Wait a minute! This new function is doing redundant computation! Why should we take $\log(e^x)$ when we can simply divide by $x$? How does this reduce the error so effectively?

An assumption

To explain this phenomenon, we need to make a huge simplifying assumption. For some operation like $x+y$ when done using floating-point arithmetic, the final answer won’t be exactly equal to the exact value of $x+y$. Let’s use $fl(x+y)$ to denote the value of this floating-point calculation. Then we will assume that $fl(x+y) = (x+y)(1+\delta)$ for some small $\delta$. The upper bound on $\delta$ depends on what kind of floating-point numbers we’re using. Python uses IEEE 754 double-precision floats, which have a $\delta$ with magnitude at most $2^{-53}$.

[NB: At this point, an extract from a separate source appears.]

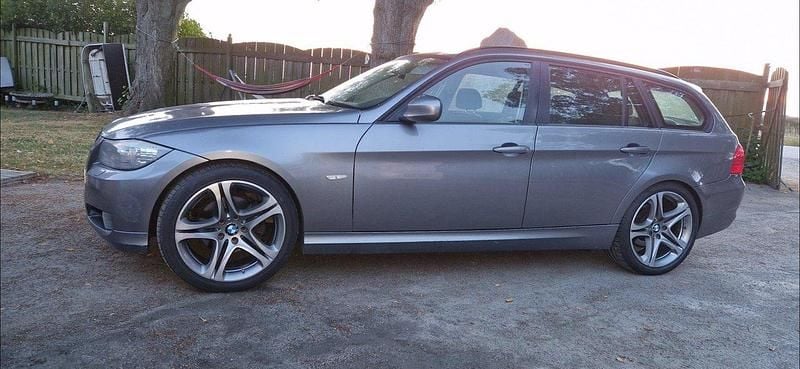 Begagnad 2011 BMW 320 Kombi | 98 500 kr (Marknadspris) - Bild 1/4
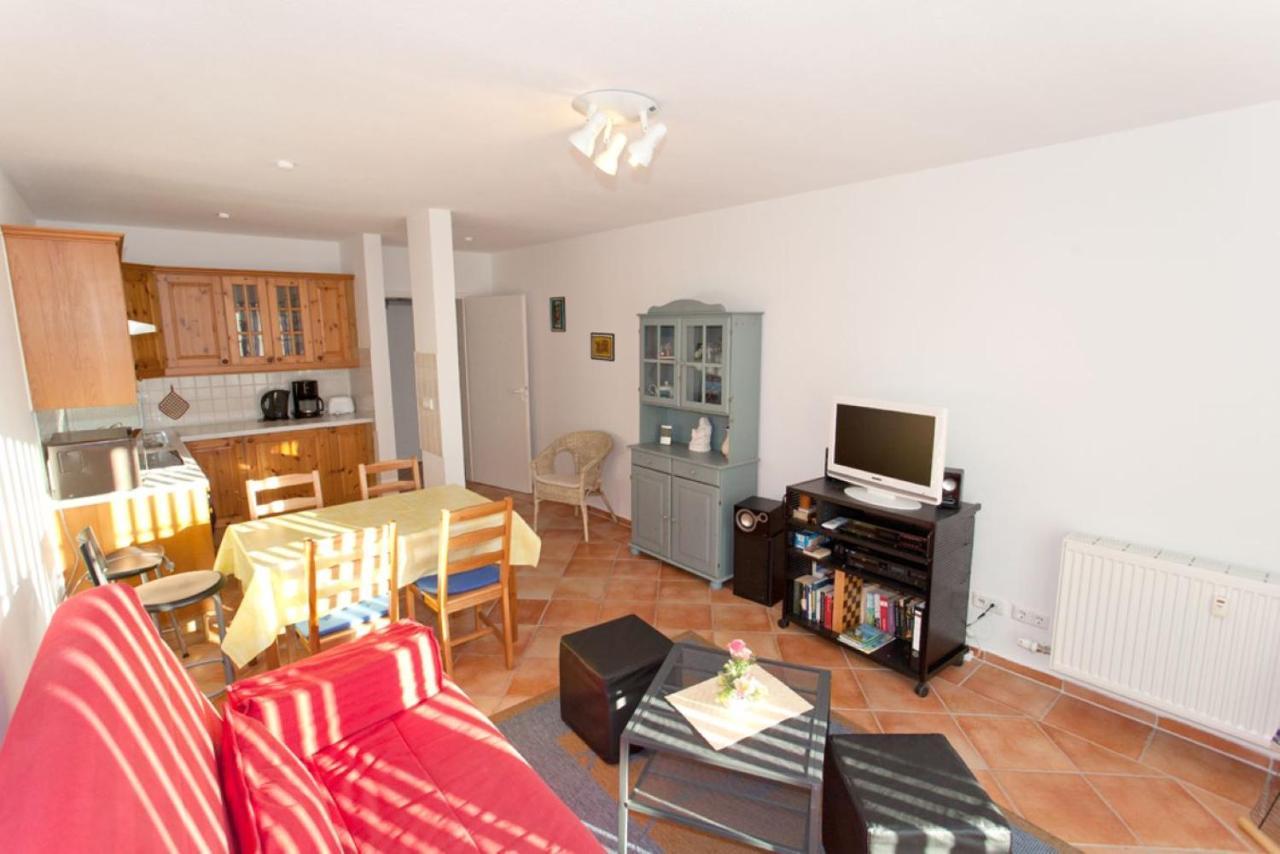 Ferienwohnung In Sassnitz Ruegen Naehe Weltnaturerbe Kreidekueste エクステリア 写真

You might be wondering why we didn’t choose a different assumption that $|fl(x+y) - (x+y)| < \epsilon$ for some small $\epsilon$. This is because floating-point numbers become spaced out farther apart as they get larger, so $fl(x+y)$ for large $x, y$ might have a large absolute difference from $x+y$, but the relative difference of $\frac{fl(x+y)}{x+y}$ will still be small. Thus, our original assumption is indeed the correct one to make.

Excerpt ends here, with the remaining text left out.